[Collected data entries]
--- START ---
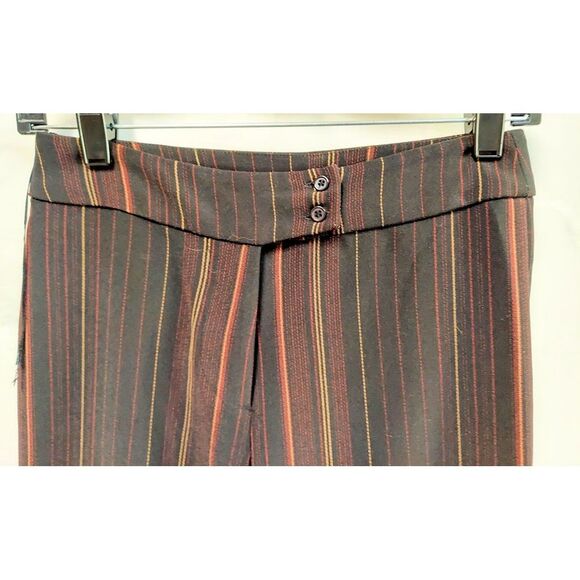 Kelaofu Pant Suit size EU 40 *Rare* Great Condition - Picture 6 of 7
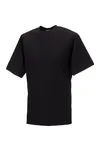 Classic T-Shirt Black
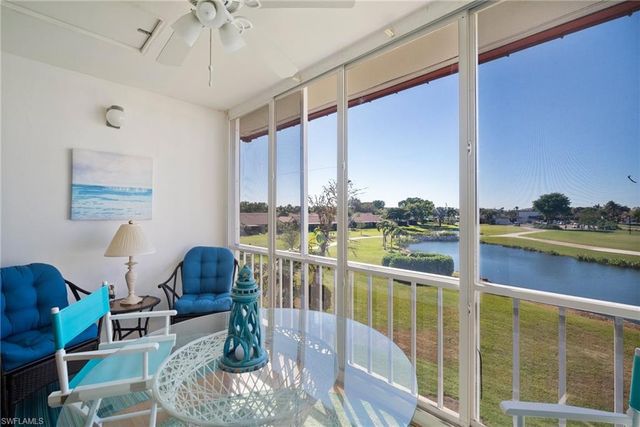 1700 Pine Valley DR # 314, Fort Myers, FL 33907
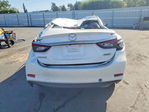 Mazda 6 2016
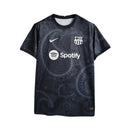 Barcelona Edição Especial 23/24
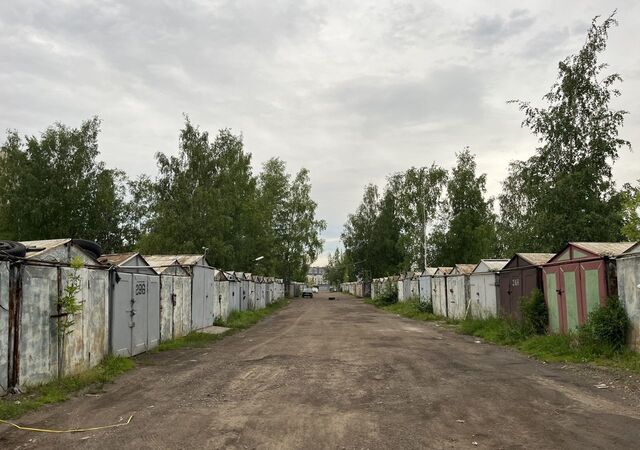 р-н Фрунзенский Дунайская, муниципальный округ Александровский фото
--- END ---
Please print the lines from the one holding "1700 Pine Valley" through the end of the records above, unchanged and with the pictures left out.

:: ANSWER FOR THIS EXERCISE ::
 1700 Pine Valley DR # 314, Fort Myers, FL 33907
 Mazda 6 2016
 Barcelona Edição Especial 23/24
 р-н Фрунзенский Дунайская, муниципальный округ Александровский фото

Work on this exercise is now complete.